In this embodiment, the IC is a multiprocessor. The multiprocessor includes multiple processor cores or subprocessor elements (SPE's) and ancillary elements. Each of the SPE's in this embodiment comprises one of the independently powered regions of the integrated circuit. Consequently, power can be provided to some SPE's, while no power is provided to other SPE's. When a particular SPE is defective or unneeded, power to that SPE is shut off by the PMU.

The PMU controls the power to each SPE using relays that are coupled between each of the SPE's and a power source. The PMU determines which of the SPE's are to be powered on and which are to be powered off by, for example, reading a memory that is configured to store this information. In one embodiment, this is done when the system boots up. After the PMU determines which of the SPE's are supposed to receive power, the PMU closes the relays between these SPE's and the power source. The relays between the SPE's that are to be powered off are opened by the PMU to inhibit power to those SPE's. In one embodiment, the PMU is also configured to determine particular voltages at which power will be supplied to each of the SPE's, and to provide power to the SPE's at the identified voltages.

Various embodiments of the invention will be described below. Primarily, these embodiments will focus on implementations of architectures implemented within a digital integrated circuit. It should be noted that these embodiments are intended to be illustrative rather than limiting, and alternative embodiments may be implemented in other architectures, and may also be implemented in circuits whose components are not strictly limited to logic components (e.g., AND gates, OR gates, and the like.) Many such variations will be apparent to persons of ordinary skill in the art of the invention and are intended to be encompassed by the appended claims.

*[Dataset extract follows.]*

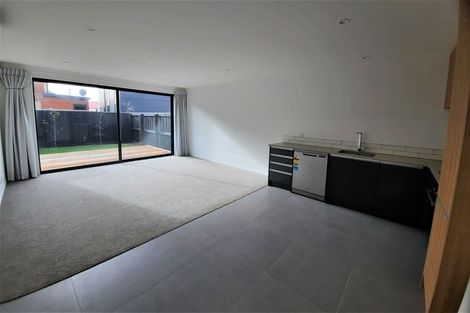 Photo of property in 12 Meredith Street, Addington, Christchurch, 8024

Referring to FIG. 1, illustrated is a functional block diagram in accordance with one embodiment. The diagram is of a system which includes an integrated circuit (IC) 110, a power management unit (PMU) 120, and a power source 130. In this figure, the IC is subdivided into three functional blocks/elements (A, B, C) 111, 112, 113. Functional blocks 111-113 may be any type of circuitry and, in one embodiment, they comprise subprocessor elements (SPE's.) It may be necessary or desirable to power down one of these functional blocks for any of a number of reasons, such as defects in the circuitry (making the SPE useless), a need to reduce power consumption, or a need to reduce thermal loading. When it is determined that an SPE is to be powered down, the PMU interrupts the power circuit for that SPE.

Each of blocks 111-113 is configured to be independently powered. Each of blocks 111-113 is therefore connected to PMU 120, which controls the power supplied to each of the blocks. In this embodiment, power from power source 130 is supplied to blocks 111-113 through PMU 120, although in other embodiments this may not be the case. The system operates basically as described in FIG. 2.

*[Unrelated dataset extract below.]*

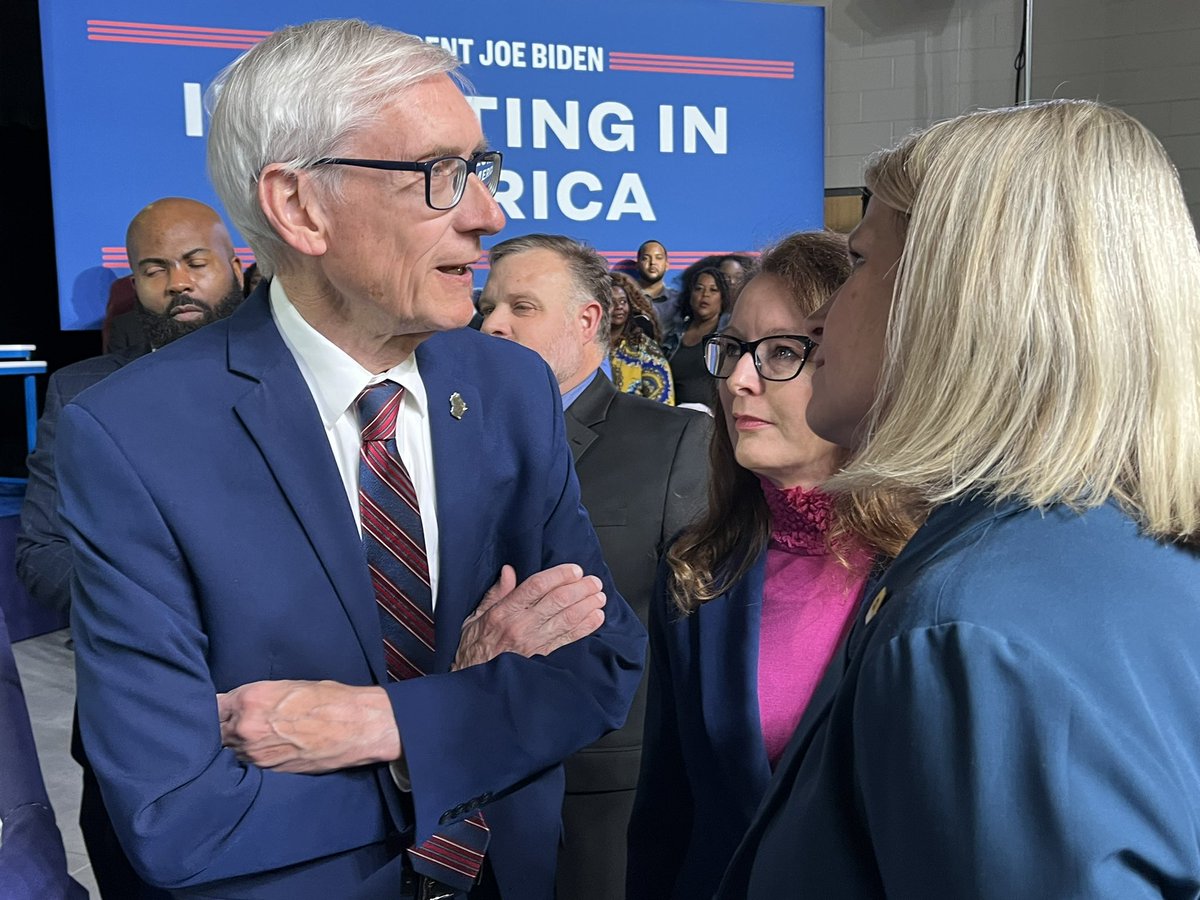 Wisconsin @GovEvers, Wisconsin AFL-CIO President @s_Bloomingdale and AFL-CIO President @LizShuler are in Sturtevant, WI, to hear @POTUS announce a new planned Microsoft data center expected to create 2,000 good jobs.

Referring to FIG. 2, a flow diagram illustrating the operation of a system in accordance with one embodiment is shown. The operation of the system begins with the determination of which functional blocks should be powered on and which should be powered off (210.) This determination may be made in a variety of ways, as will be described in more detail below. Once it is determined which of the functional blocks should receive power and which should not, the PMU takes appropriate action to either provide or inhibit power to each of the functional blocks (220.) The IC is then operated with the appropriate blocks powered (230).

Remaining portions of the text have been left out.